Quatrième orteil d’Arthroleptis, montrant (a) la griffe en position non gainée ; (b) en forme dégagée et colorée, montrant le nodule et la gaine suspensive qui sont attachés à la griffe avant qu’elle ne perce la peau. Crédit : Blackburn et al. (2008)

Une autre chose intéressante à propos de ces griffes est que les arthroleptides qui les possèdent ne sont – apparemment – pas des parents particulièrement proches, des taxons sans griffes se trouvant entre eux dans la phylogénie (Scott 2005). Cela signifie-t-il que les griffes ont évolué une fois au sein des Arthroleptidae et qu’elles ont ensuite été perdues par plusieurs lignées indépendamment, que les griffes ont évolué de manière convergente à quelques reprises ou que les taxons porteurs de griffes sont en fait des parents proches et que les phylogénies qui les décrivent comme bien distincts sont en fait erronées ? Toutes les possibilités persistent à l’heure actuelle (Barej et al. 2010).

Et bien qu’il y ait beaucoup d’autres choses à dire sur les arthroleptides, c’est là que nous devons nous arrêter pour le moment. Pour les précédents articles du Tet Zoo sur les anoures (c’est-à-dire les grenouilles et les crapauds), voir…

  • À la poursuite des grenouilles roumaines (partie I : Bombina)
  • À la poursuite des grenouilles roumaines (partie II : les grenouilles d’eau du Paléarctique occidental ! !!)
  • À la poursuite des grenouilles roumaines (partie III : grenouilles brunes)
  • La série des crapauds arrive à SciAm : parce que l’Afrique a aussi des crapauds
  • Crapauds à 20 chromosomes
  • Grenouilles de verre : peau translucide, os verts, épines du bras
  • Tout le monde aime les grenouilles de verre
  • Crapauds arboricoles africains, crapauds à petite langue, crapauds à quatre chiffres, crapauds à dos rouge : oui, tout un tas de crapauds africains obscurs
  • Les grenouilles de Perse : des piques sans piques
  • Mégophrys : tellement plus que Megophrys nasuta
  • Les crapauds à pieds de bêche nord-américains et leurs incroyables têtards polymorphes à métamorphose rapide
  • Nids de têtards, passés et présents
  • Gladiateurs grenouilles de verre, redux
  • Des grenouilles dont vous n’avez peut-être pas entendu parler : Les Cycloramphus  » grenouilles-boutons  » du Brésil
  • Il y a tellement plus de grenouilles volantes que de grenouilles volantes
  • Les  » étranges grenouilles compagnes de lit  » (partie I) : des brevicipitides rondes et adorables
  • C’est le crapaud d’eau casqué… cette fois, avec des informations !
  • Une brève introduction aux grenouilles des roseaux, des laîches et des lys
  • « Étranges grenouilles compagnes de lit » (partie II) : les grenouilles à nez de cochon ou à nez de pelle, ou encore les museaux-bourreaux

Références – –

Barej, M. F., Böhme, W., Perry, S. F., Wagner, P. & Schmitz, A. 2010. La grenouille velue, un combattant frisé ? – Une nouvelle hypothèse sur la fonction des poils et des phalanges terminales en forme de griffes, y compris leur signification biologique et systématique (Anura : Arthroleptidae : Trichobatrachus). Revue Suisse de Zoologie 117 : 243-263.
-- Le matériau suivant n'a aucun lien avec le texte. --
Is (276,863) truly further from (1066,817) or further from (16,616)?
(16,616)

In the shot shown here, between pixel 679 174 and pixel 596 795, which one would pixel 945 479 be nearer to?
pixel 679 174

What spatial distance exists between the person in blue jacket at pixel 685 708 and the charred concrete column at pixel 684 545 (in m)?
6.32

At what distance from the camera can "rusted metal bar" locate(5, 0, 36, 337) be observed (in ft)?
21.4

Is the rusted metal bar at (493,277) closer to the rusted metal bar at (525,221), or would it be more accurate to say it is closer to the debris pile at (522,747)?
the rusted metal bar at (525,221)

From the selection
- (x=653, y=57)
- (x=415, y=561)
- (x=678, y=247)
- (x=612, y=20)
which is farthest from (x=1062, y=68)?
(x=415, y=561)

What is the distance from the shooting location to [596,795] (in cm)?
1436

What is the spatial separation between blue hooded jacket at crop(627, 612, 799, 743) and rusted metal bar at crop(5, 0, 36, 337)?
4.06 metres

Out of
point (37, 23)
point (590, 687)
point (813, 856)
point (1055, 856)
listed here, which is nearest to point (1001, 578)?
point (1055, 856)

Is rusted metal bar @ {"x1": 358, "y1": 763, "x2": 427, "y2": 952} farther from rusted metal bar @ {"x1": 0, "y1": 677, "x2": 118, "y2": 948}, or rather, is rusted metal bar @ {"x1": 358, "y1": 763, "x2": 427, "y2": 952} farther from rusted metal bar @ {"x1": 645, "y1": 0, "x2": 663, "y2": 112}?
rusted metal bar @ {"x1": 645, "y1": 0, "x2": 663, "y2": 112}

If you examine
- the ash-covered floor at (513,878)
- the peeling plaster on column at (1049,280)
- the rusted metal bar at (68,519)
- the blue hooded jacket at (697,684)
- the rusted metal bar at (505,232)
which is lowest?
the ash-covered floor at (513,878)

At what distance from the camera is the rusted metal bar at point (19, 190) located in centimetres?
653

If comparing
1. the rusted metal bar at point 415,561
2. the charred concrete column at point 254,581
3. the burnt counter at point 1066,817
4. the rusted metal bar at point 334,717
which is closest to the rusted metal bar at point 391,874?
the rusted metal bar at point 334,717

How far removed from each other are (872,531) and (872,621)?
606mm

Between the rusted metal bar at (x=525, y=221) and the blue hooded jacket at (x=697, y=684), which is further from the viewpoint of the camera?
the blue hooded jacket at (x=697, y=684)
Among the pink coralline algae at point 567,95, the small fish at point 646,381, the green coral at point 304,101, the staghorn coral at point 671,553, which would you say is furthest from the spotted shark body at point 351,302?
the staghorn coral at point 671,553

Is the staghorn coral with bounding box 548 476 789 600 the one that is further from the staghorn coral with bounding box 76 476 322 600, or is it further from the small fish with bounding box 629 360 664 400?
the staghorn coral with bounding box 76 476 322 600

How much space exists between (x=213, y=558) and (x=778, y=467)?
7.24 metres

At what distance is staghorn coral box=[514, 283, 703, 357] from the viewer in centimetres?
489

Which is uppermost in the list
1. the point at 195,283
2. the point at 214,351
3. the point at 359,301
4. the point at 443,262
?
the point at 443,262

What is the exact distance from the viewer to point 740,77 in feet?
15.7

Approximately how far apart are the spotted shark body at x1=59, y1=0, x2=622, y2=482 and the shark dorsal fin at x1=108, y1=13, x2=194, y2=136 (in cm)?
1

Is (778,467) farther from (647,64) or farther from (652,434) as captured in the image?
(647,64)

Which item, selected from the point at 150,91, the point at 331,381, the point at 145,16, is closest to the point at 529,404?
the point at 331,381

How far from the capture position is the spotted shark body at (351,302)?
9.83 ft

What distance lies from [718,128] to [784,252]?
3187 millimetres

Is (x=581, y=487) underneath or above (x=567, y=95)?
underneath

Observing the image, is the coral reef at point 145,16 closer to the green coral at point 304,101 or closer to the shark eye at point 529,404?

Blackburn, D. C. 2009. Diversité et évolution des caractères sexuels secondaires mâles chez les grinceurs africains et les grenouilles à longs doigts. Biological Journal of the Linnean Society 96, 553-573.

Blackburn, D. C., Hanken, J. & Jenkins, F. A., Jr. 2008. Des armes dissimulées : les griffes érectiles chez les grenouilles africaines. Biology Letters 4, 355-357.

Dean, B. 1912. Sur les appendices ciliés chez la grenouille, Astylosternus robustus (Blgr.). Bulletin du Musée américain d’histoire naturelle 31, 349-351.

Scott, E. 2005. Une phylogénie des grenouilles ranidées (Anura : Ranoidea : Ranidae), basée sur une analyse simultanée des données morphologiques et moléculaires. Cladistics 21, 507-574.